Book review "Perl and LWP"

#perl #books #lwp

The book is available online for free

Thank you a lot O Reilly and Sean W. Burke for that !

Disclaimer

A lot of weaknesses of this book are due to the age but I won't refrain to report them with honesty :)

I'm very grateful to the person that took time to write this book : Sean W. Burke !

Tell me about history

At the beginning, Sean reminds us a lot of LWP and webservers history and I personnally loved it.

For my point of view, IT sciences are very sensitive to "technologies hypes" and things seems to go faster and faster these days (probably just an impression, I'm too young to judge) but I personnally love to read about history and oldies which created the present world.

Some people can think about this part as a weakness, but I definitely loved it.

Gandpa

Quickly we face some outdated websites 😧

Among other old stuff, you will have fun with HTML code from 2002 like table with captiatlized tags : <TD ALIGN=... or <BODY BGCOLOR="#aabbcc" BACKGROUND="img/bg.jpeg" ... or again <B CLASS="h3">

Be prepared !! 😁

Some paragraphs from chapter 3 are dedicated to explanations about HTML forms elements like textarea, submit or hidden fields (not really outdated but I felt like a jump in the past 😃)

And what about Netscapes 4.76 😖 used as browser (released in 2000).

Sometimes Sean is coding like my grandma (regularize_hostname to canonicalize hostname should be taken from a module, not coded by hand with regex).
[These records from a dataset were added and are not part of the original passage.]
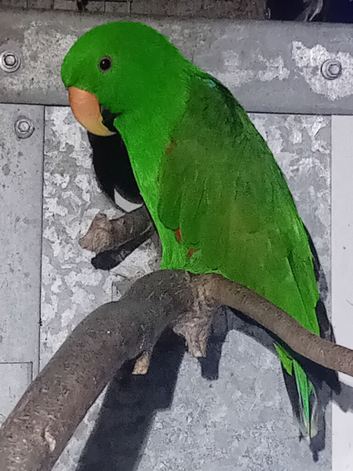 Electus parrots for sale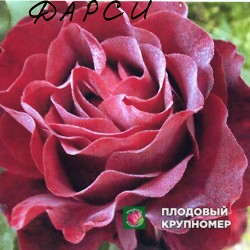 Троянда "Фарсі"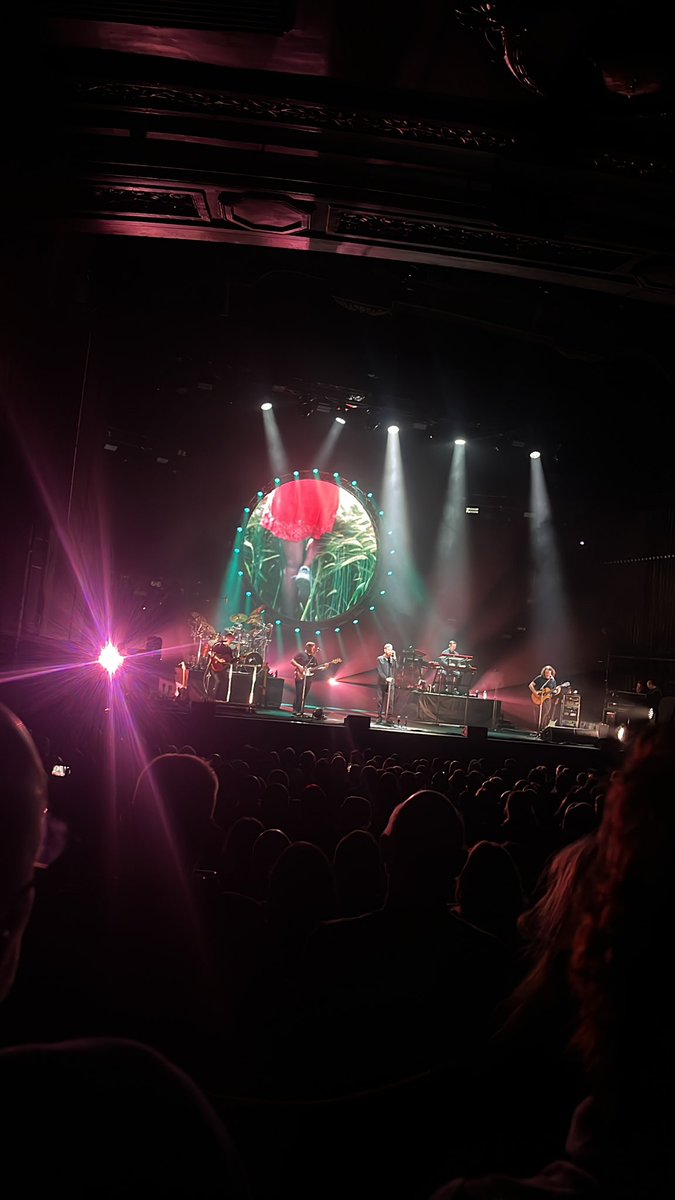 Aussie Pink Floyd👌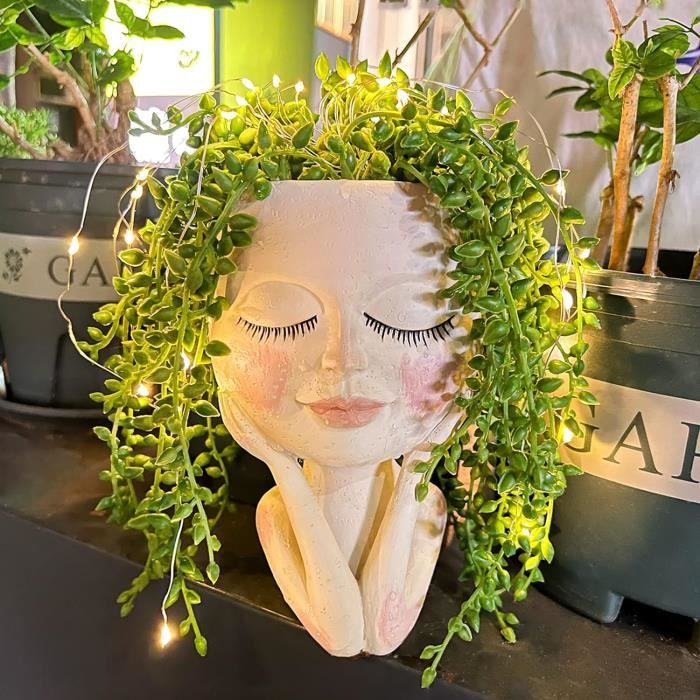 Pot de fleurs solaire pour le visage, la tête de plantes succulentes - Avec LED solaire Résine étanche avec trou de vidange[S92]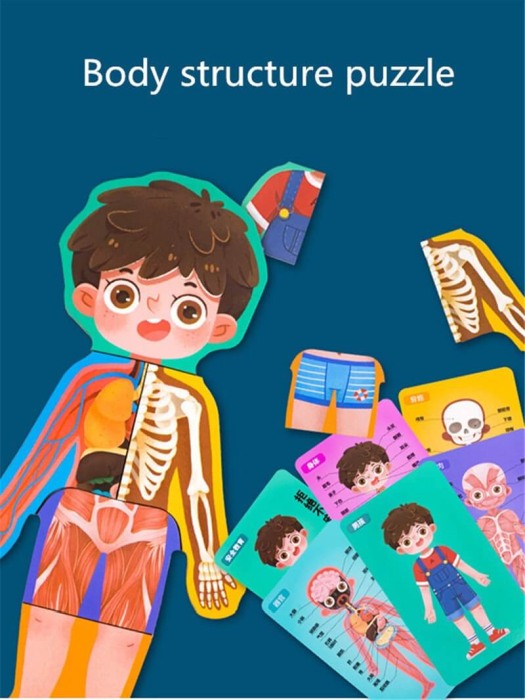 Joc din lemn Anatomia corpului pentru Baietel [4]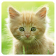 Cats Memory Game icon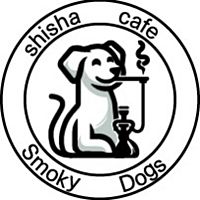 Show profile photo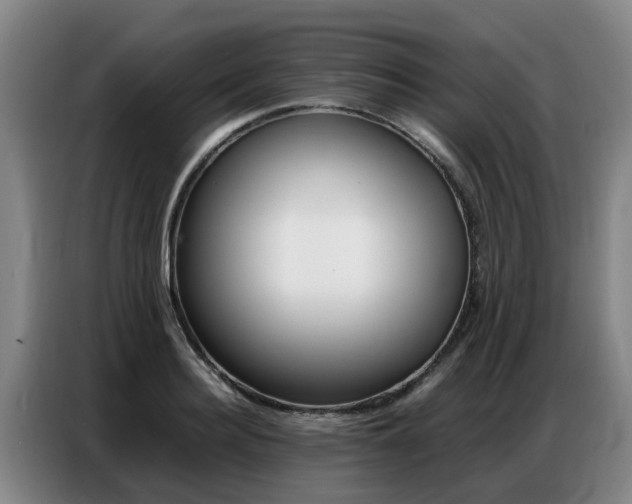 X0000087320940200704200736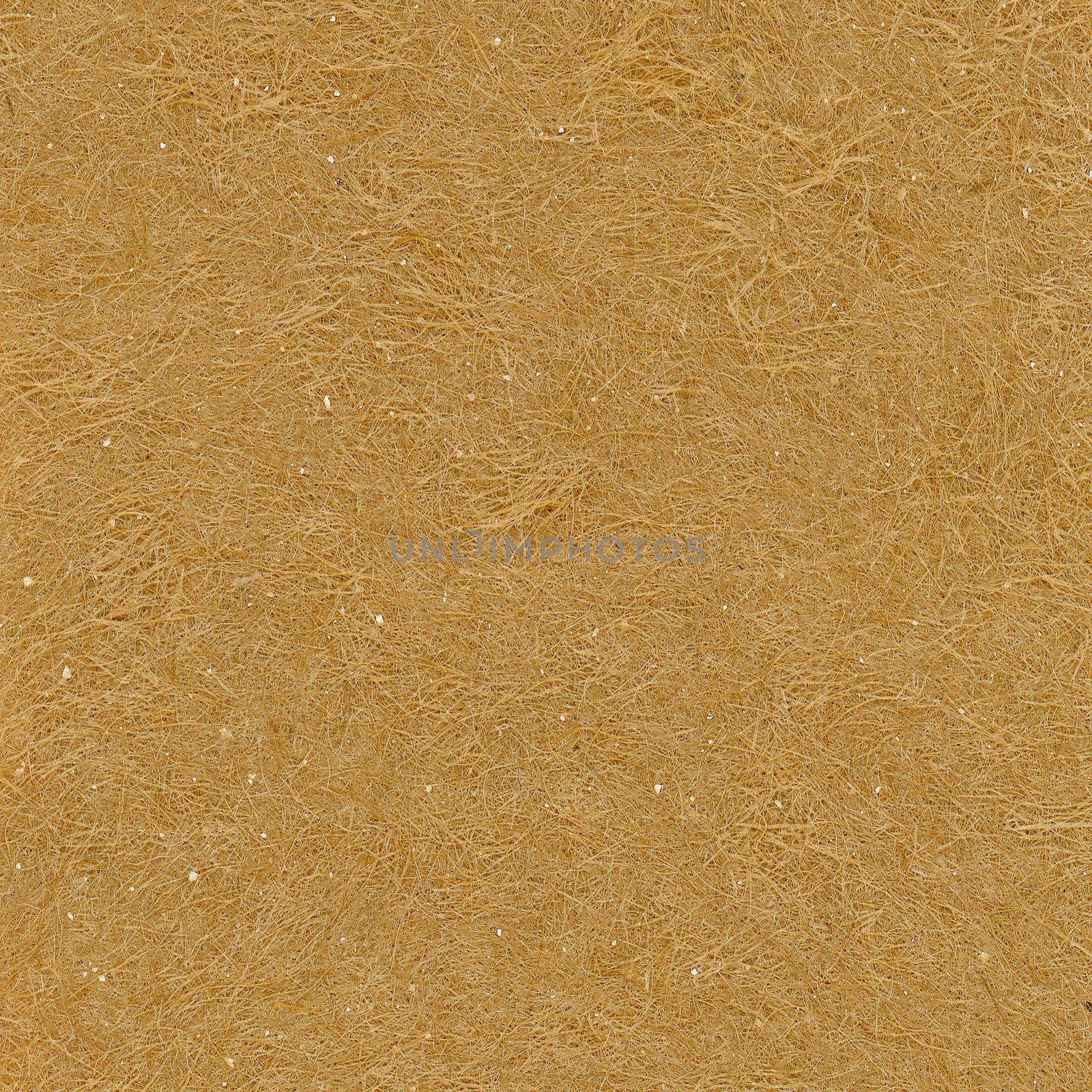 micrograph view of brown cardboard, with fibres of cellulose pulp derived from wood clearly visible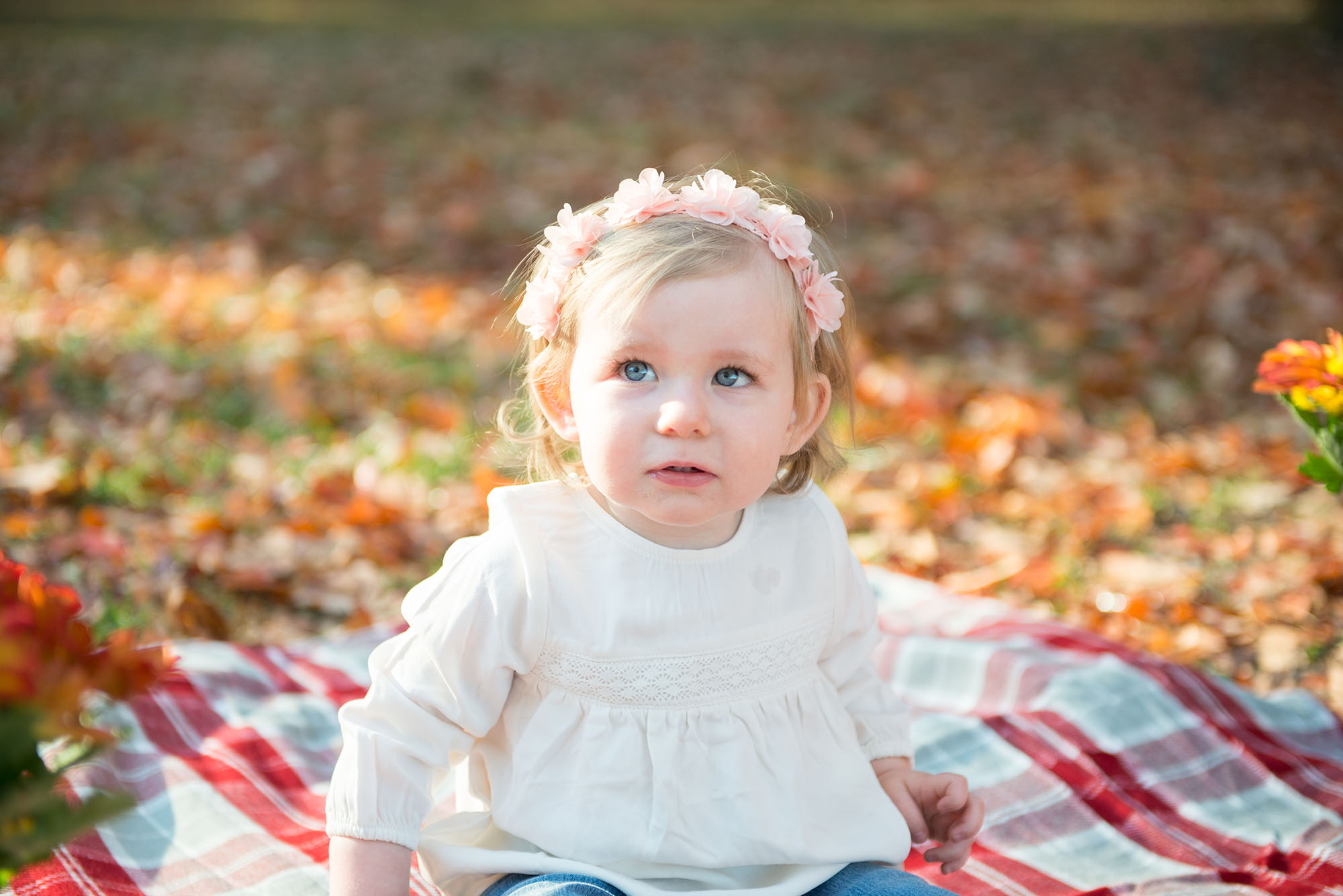 Fall Family Photography Session Maryville TN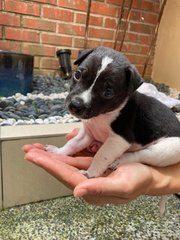 Panda - Mixed Breed Dog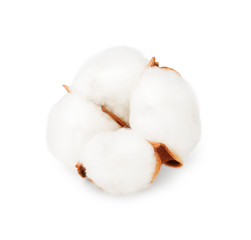 Cotton plant flower isolated on white background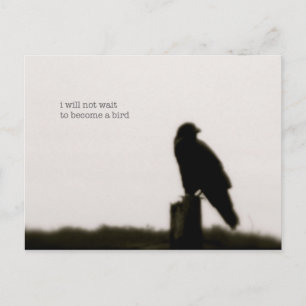 "i will not wait" postcard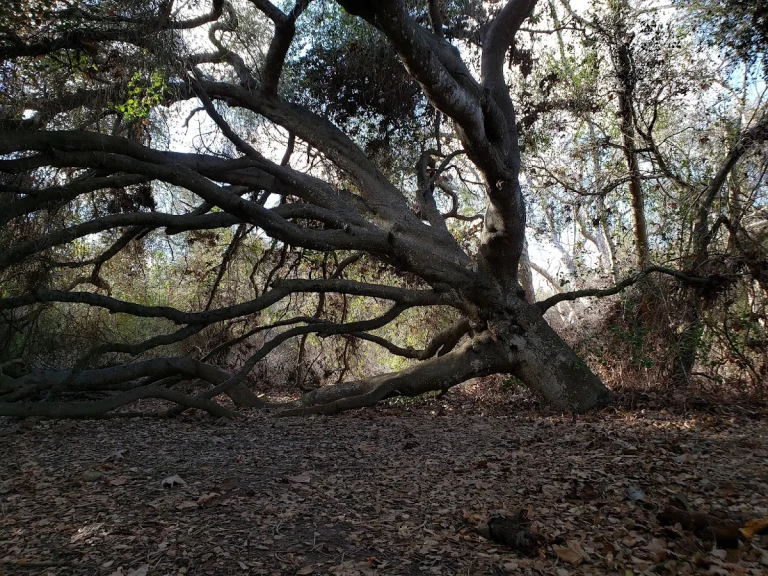 Marian Bear Memorial Park, a dog-friendly park in San Diego, California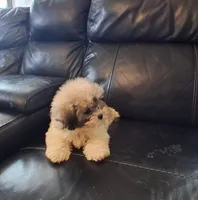 Max, a male Shih Tzu for sale in Detroit, MI – 2 of 3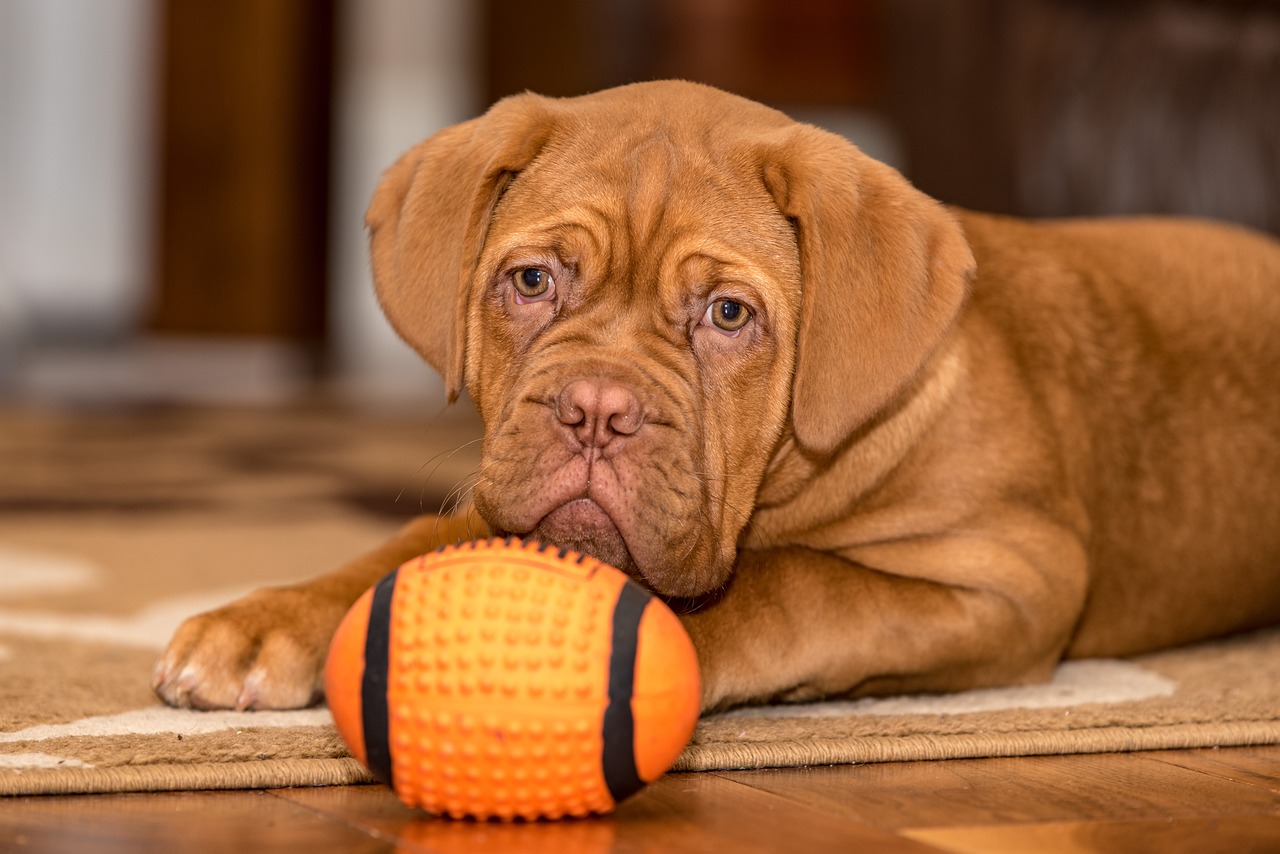 도그 드 보르도(Dogue de Bordeaux)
...This remark does not mean that I'm not coding like my grandma too ! 😁

There is only one edition of this book and that's why it is so outdated :/

Cool bits

Stop critics, let's look at cool things from this book.

I was very happy to learn that :

LWP manages a chained list of responses objects that we can use to check all the redirection flow.
We can't do HEAD request on some resources like a CGI (OK it's CGI... but interesting bit anyway)
The spec for HTML comments is very weird
An attribute like alt=bad dog! (without quote) could be interpreted as a boolean...
Comments are pseudo elements
The difference between UserAgent and Robot (read robots.txt + handle sleep time)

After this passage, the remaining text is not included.